◆ Instructions to follow ◆
Only the lines from the first line of the records through the line containing "Rangkaian Bunga Keramik" belong in the answer. Copy them exactly.

◆ Records supplied ◆
- - - - - - -
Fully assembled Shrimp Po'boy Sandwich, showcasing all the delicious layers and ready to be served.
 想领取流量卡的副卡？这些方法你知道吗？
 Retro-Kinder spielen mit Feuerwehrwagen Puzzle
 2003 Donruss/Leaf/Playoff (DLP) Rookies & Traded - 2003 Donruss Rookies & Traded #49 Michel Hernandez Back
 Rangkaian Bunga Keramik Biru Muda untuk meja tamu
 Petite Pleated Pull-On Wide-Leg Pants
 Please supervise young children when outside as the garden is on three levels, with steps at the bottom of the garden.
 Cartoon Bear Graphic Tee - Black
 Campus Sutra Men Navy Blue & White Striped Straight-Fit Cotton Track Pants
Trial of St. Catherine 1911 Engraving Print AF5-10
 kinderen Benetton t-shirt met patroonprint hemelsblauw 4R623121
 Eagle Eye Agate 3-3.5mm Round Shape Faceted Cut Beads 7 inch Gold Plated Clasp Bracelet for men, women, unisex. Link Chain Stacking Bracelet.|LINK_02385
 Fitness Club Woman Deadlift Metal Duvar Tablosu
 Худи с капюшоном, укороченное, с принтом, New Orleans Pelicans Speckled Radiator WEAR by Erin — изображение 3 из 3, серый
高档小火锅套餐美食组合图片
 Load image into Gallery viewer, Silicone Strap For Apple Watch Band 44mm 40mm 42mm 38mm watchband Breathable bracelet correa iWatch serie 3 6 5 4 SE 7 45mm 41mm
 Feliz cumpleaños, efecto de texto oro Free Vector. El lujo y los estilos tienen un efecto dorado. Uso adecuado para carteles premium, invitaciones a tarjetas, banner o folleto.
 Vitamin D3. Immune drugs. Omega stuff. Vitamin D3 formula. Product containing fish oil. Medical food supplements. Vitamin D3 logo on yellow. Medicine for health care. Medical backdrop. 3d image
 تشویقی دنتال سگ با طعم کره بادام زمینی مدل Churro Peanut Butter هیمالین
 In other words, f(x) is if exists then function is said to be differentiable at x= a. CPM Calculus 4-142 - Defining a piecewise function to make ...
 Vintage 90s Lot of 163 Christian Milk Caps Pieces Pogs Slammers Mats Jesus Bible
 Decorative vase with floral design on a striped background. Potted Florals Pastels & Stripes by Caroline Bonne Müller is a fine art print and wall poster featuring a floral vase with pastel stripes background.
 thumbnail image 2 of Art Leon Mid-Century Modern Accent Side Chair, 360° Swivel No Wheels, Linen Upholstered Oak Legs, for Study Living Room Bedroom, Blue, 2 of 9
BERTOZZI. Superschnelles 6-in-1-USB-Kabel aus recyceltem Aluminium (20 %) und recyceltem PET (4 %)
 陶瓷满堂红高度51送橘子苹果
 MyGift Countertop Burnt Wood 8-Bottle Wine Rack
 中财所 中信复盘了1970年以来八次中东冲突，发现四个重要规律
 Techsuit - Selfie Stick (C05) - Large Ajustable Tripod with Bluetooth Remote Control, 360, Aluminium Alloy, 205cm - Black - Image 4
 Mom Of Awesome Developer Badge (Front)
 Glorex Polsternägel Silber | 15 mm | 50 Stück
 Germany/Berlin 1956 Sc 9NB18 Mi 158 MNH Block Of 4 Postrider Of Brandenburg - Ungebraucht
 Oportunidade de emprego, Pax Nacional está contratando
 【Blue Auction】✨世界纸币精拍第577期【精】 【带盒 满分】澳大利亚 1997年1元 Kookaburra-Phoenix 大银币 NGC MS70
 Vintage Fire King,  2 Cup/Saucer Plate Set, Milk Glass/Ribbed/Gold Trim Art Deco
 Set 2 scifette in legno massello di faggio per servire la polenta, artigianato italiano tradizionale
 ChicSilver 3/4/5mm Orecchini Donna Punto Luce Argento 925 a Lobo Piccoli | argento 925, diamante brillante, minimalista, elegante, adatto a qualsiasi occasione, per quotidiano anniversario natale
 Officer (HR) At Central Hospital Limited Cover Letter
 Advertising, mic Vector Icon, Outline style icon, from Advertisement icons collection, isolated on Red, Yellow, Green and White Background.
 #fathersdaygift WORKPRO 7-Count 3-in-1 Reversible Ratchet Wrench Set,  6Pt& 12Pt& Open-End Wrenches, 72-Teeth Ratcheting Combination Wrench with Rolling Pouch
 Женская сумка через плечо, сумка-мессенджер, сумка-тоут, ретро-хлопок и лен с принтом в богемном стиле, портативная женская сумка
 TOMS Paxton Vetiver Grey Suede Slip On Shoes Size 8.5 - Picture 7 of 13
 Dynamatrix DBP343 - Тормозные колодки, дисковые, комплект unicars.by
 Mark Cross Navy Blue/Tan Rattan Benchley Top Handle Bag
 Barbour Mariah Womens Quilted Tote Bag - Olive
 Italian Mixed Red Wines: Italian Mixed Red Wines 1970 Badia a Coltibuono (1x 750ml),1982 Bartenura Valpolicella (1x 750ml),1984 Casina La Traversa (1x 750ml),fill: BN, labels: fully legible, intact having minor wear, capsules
- - - - - - -
◆ Response area ◆
Fully assembled Shrimp Po'boy Sandwich, showcasing all the delicious layers and ready to be served.
 想领取流量卡的副卡？这些方法你知道吗？
 Retro-Kinder spielen mit Feuerwehrwagen Puzzle
 2003 Donruss/Leaf/Playoff (DLP) Rookies & Traded - 2003 Donruss Rookies & Traded #49 Michel Hernandez Back
 Rangkaian Bunga Keramik Biru Muda untuk meja tamu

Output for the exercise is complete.